My thread about a robot takeover turned out great, so I’ve got another sci-fi scenario for you, albeit a more fanciful one.
Not a lot of people watched the show Stargate: Universe, but those who did saw an intriguing scenario play out. Essentially, a group of people found themselves stranded on a planet much like Earth, but which had no intelligent life. They were not expecting to be stranded, and did not have much else with them except the clothes on their backs. Plus, of course, the knowledge in their heads: and several of them were scientists and engineers.
In a sort of montage sequence, the show portrayed vignettes of them and their descendants over the years (they had also been stranded two thousand years in the past, in addition to being on a different planet). After they had been there a few years, they were shown in rough-hewn log cabins with some basic iron tools. A couple decades after that, it was more like 19th century buildings and implements. And after a couple thousand years, they had technology beyond that of Earth today.
(More recently, on the show Terra Nova, a group of colonists found themselves in a dinosaur era, cut off from the year 2149 that they had come from. In their case, they already had brought back quite a bit of technology, but they would not be able to make any more.
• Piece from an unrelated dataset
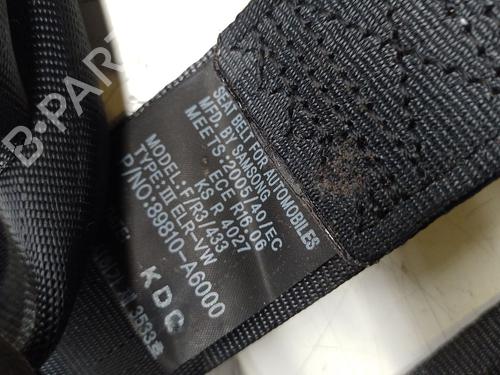 Rear left seatbelt HYUNDAI i30 (GD) 1.6 CRDi | BP29744115I29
However, the level they already have probably means they can handwave explanations of being able to do small scale high-tech manufacturing, so the scenario is less interesting.)
The thought experiment I’m interested in exploring is: if a group of a few dozen people found themselves in a place that was like, say, Northern California but without human habitants, what steps would you take to work your way back up the technological ladder? On the one hand, you have the advantage (especially if you have knowledgeable people) of not having to do trial and error and knowing what is achievable. That’s a great advantage. On the other hand, most engineers and scientists probably never have to confront the problem of not having the tools and infrastructure they take for granted.
So let’s say before you left you knew what you’d be facing. And let’s also say you don’t get to take anything with you, not even clothes. Just what you can carry in your brain. What type of group do you put together? You would need at least a few tough guys as workers/soldiers, right? And that guy from the British show Connections might help with how to work the intermediary steps to develop technology.
But so I’m thinking that aside from basic shelter and hunting/gathering tools, one of the early things you’d want to try to develop would be a way to write down the stuff people have been carrying in their brains. Then what? I’m at a loss to think of how you even begin to work your way toward making more than rudimentary wood and rock tools. We going to need a lot of archaeologists? The task of working from nothing back to the high tech society of today seems so daunting even with all that knowledge. Is it perhaps true that there’s only so much you can speed it up? What’s the over/under on making it back to iPhone level? I’m going to say at least 500 years–is that too pessimistic?